We create a result set (rs) object by pulling a message from the queue, which will be returned as a list of length 1 if there are any remaining messages. We then select the first item of the list and print out its contents, then delete the message. I've listed out the imports and definitions for completeness, but they are the same as before.

# queue_read.py
import boto
 
from boto.sqs.connection import SQSConnection
from boto.sqs.message import Message
 
from myproject import settings
 
conn = SQSConnection(setings.AWS_ACCESS_KEY_ID,
                     settings.AWS_SECRET_ACCESS_KEY)
q = conn.create_queue('TestQueue', 120)
 
rs = q.get_messages()
m = rs[0]
print m.get_body()
q.delete_message(m)

You may be wondering why Boto returns the message information as a list, rather than a single object. This is because we can pull multiple messages from the queue in one go, which might provide optimisation benefits depending upon your particular messaging needs. Here I am obtaining 10 messages from my queue:

rs = get_messages(10)

That is the basic workflow for interacting with the queue. A solid production code would wrap the reading of the message and the task parsing into exception blocks to catch any unanticipated errors. In an implementation that I have created, I coded a class object which handles the task of encoding and decoding the JSON messages being sent to and from the queue.

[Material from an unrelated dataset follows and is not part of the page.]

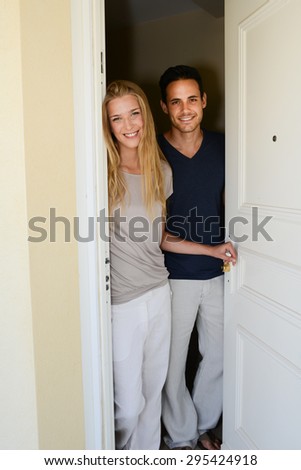 happy young couple man and woman opening door of their new home entrance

Amazon SQS lends itself very nicely to stage environment testing as well. If you have a separate settings.py file for your stage setup, then you can put the name of your queue(s) in here, prefixed with 'Stage'. This allows you to run all tests against your stage queue, without affecting your production queue.

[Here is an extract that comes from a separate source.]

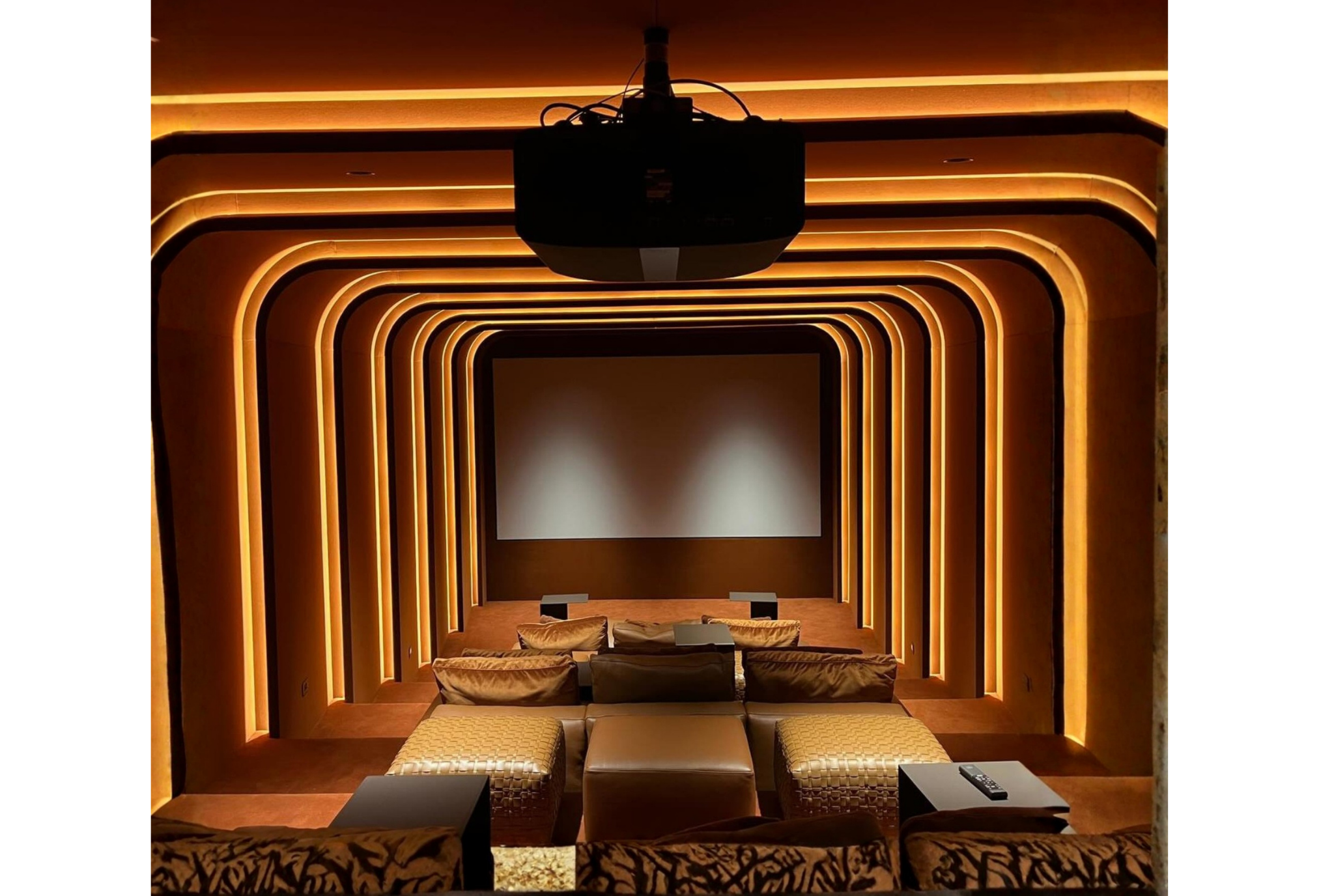 Modern home theater with warm ambient lighting, a large projection screen, and comfortable cushioned seating.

That about wraps up my introduction for Python, Boto and Simple Queue Service. For more information on the topics listed here it is worth visiting the following links:

3 comments ... read them below or add one
  • 18th November 2010
    3:28 pm

    Have you looked into what you'll do with the messages when you receive them and what you'll do with the tasks generally?

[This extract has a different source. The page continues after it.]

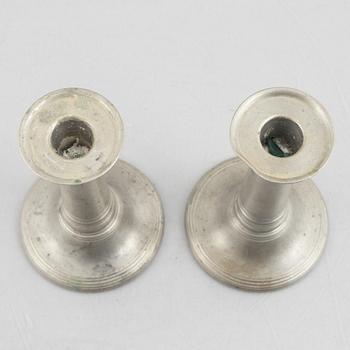 A pair of pewter candle sticks, model A702, Firma Svenskt Tenn, Sweden, 1928.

    We used SQS at a previous project but at this point are getting more value out of Celery and consequently can't use SQS (since Celery only uses AMQP backends like RabbitMQ). Any thoughts on that issue?

  • 19th November 2010
    3:58 am

    Yeah, I have a specific class that wraps the message opening and deleting to validate that the task is accurate and that it can be performed. There is definitely scope for a second article which expands on that somewhat.

    I was going to use Celery and Rabbit prior to using SQS. However, I had to turn around the project quickly. The costs of SQS are trivial for my work ($3-4 per month at most) and it was straightforward to setup. It's great being able to interact with it via Boto so easily.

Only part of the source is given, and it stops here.